I cannot remember any longer which version eventually added support
for exceptions, but it was already a Windows 3.x version I would say.

Watcom had some exception support around 1993 according to
comp.lang.c++, but it was probably not a big selling point to add it for
other vendors on the MS platforms.

Watcom only became big on MS-DOS when they started offering a 32bit MS-DOS extender (remember those?). That feature, coupled with good code generation, made many game studios go for it.

But that is the only thing I know from it. In Portugal, Borland and Microsoft ruled the MS-DOS developer tools.


I remember it was very difficult to find a good free C++ implementation
though. Cfront was kind of annoying (and did not support exceptions
either). In the free software movement C/Unix was the real deal and my
impression was that C++ was not viewed as "cool", so it took a while for
g++ to get the quality up to acceptable standards.


Back in those days I got to buy my tools. Only knew what FOSS was about around 1995.
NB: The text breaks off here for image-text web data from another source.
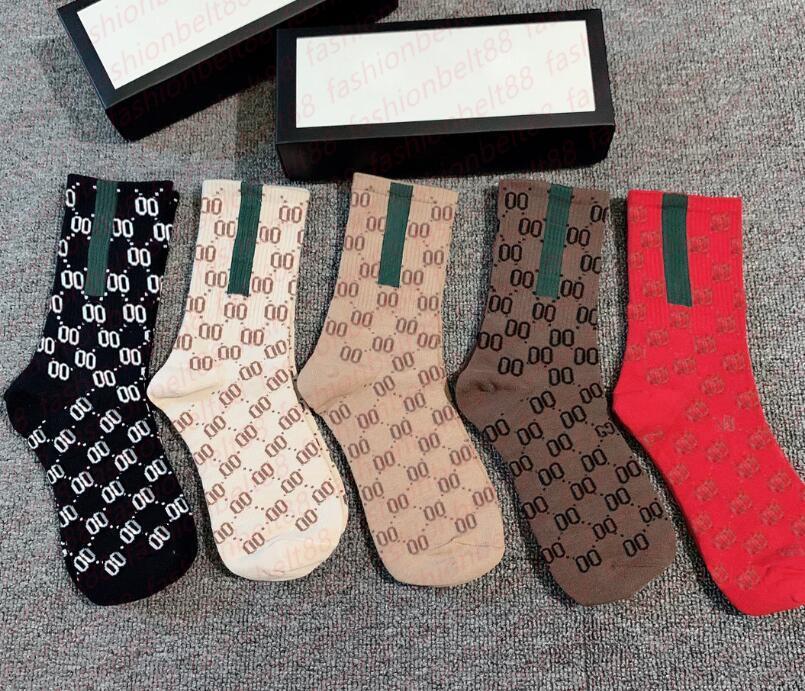 

Designer Mens Womens Socks Five Pair Luxe Sports Winter Mesh Letter Printed Sock Embroidery Cotton Man Woman With Box, Random color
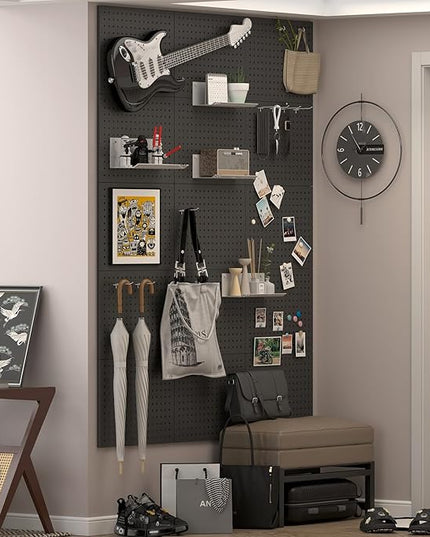Peg Board,4 Pack Metal Pegboard Panels and Accessories,Heavy Duty Peg Board with 8 Pieces Hooks, Black Wall Pegboards Organizer for Garage,Bedroom,Ornaments Display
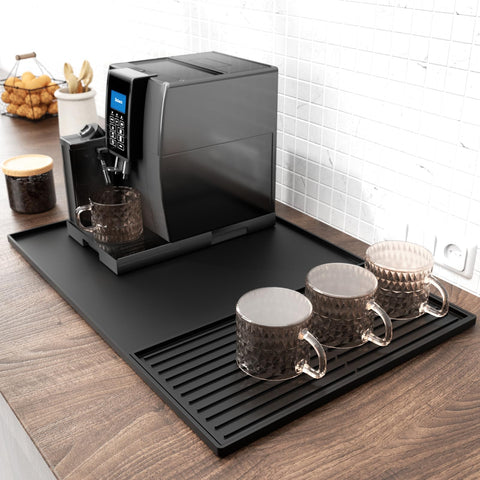 DXOKNQG silicone coffee mat cleans easily with a wipe or rinse after use.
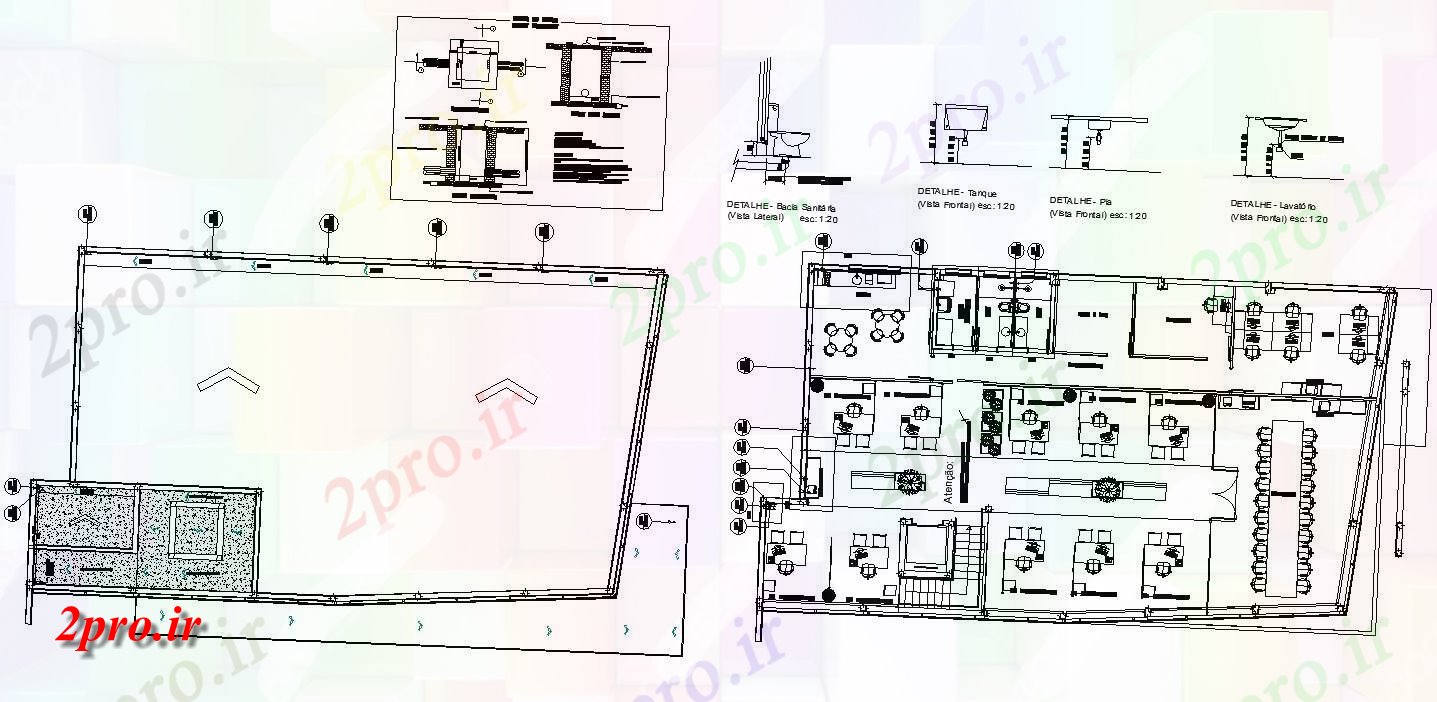دانلود نقشه پلان مقطعی   از ساختمان اداری طرحی طبقه و طراحی مبلمان،   (کد48874)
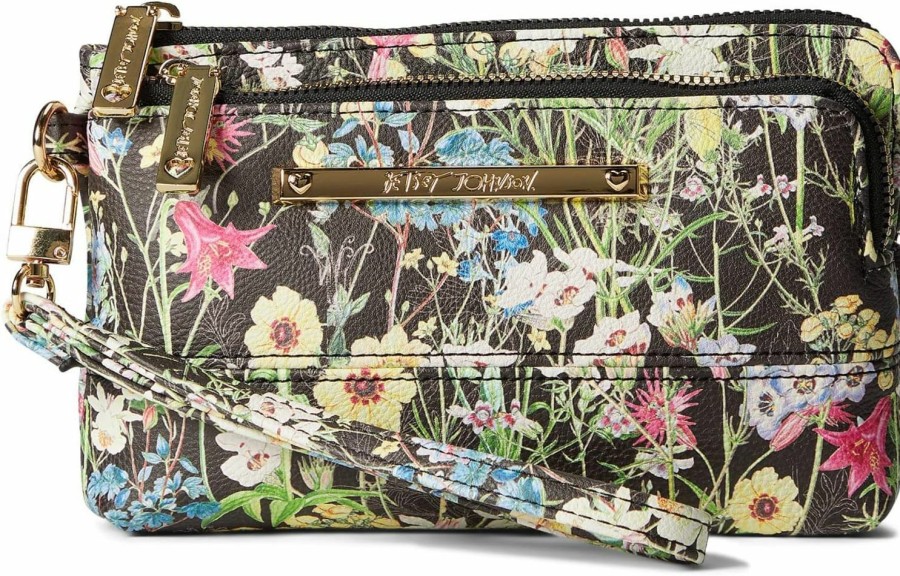 Online Betsey Johnson Betsey Johnson Talli Wristlet Pouch Dark Floral One Size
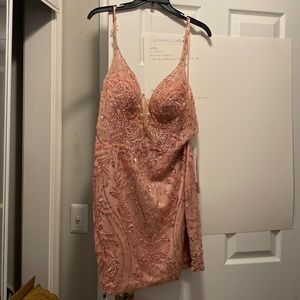 New pink form fitting prom dress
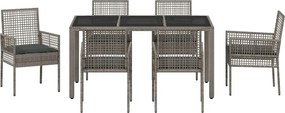 vidaXL Σέτ φαγητού για κήπο 7 pcs Γκρι συνθετικό ρατάν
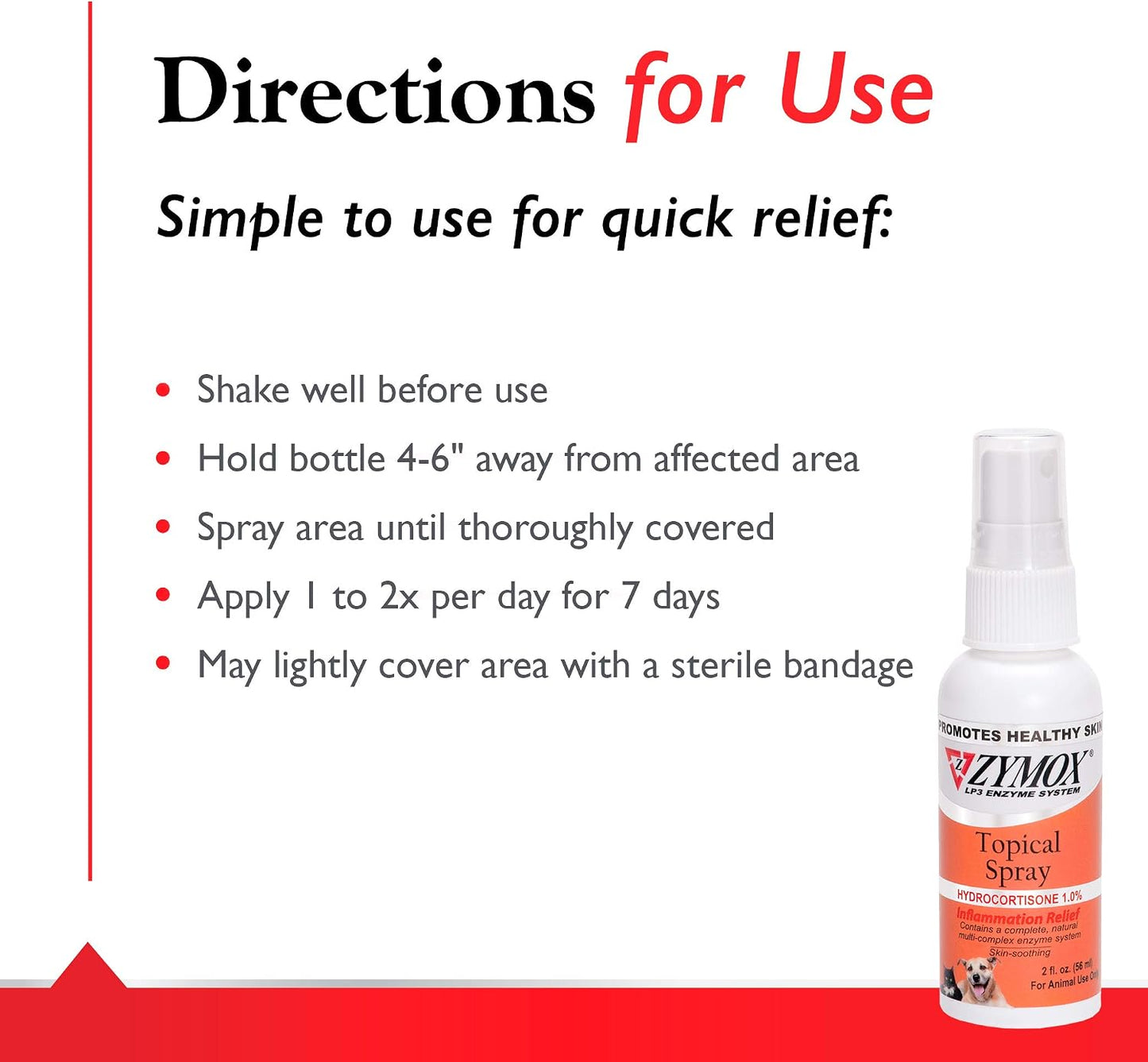 Zymox Topical Hot Spot Spray for Dogs and Cats with 1% Hydrocortisone, 2oz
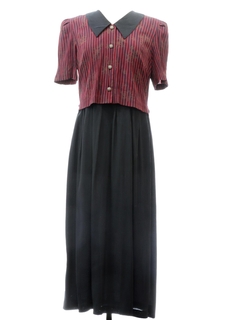 1990's Womens Librarian Style Rayon Blend Dress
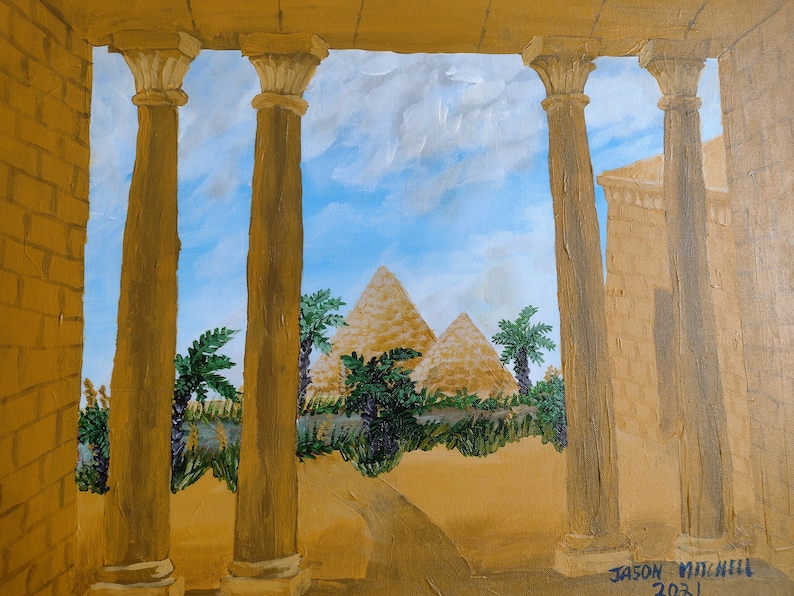 Egyptian Pyramid Landscape Painting, Ancient Architecture Art - Etsy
In 1993 I got hold of Turbo C 2.0 and Turbo C++ 1.0, after a couple of years of doing Turbo Pascal, already with OOP using Turbo Vision.

C just looked stone age when compared with Turbo Pascal 6.0 features and I immediately switched to C++ after a few months of pure C.

Since then I have been on C++ troop ranks on the usual C vs C++ debates.

The sad thing is that nowadays many new C++ programmers behave against languages with automatic memory management, the same way we were seen by C programmers in those days.

You quite right about us not being cool in UNIX world. Outside of CORBA, it was always an uphill battle to use C++. Specially in the FOSS front.

I wrote one of the first tutorials on how to use yacc/bison and lex/flex with C++ instead of C, as I could not find any.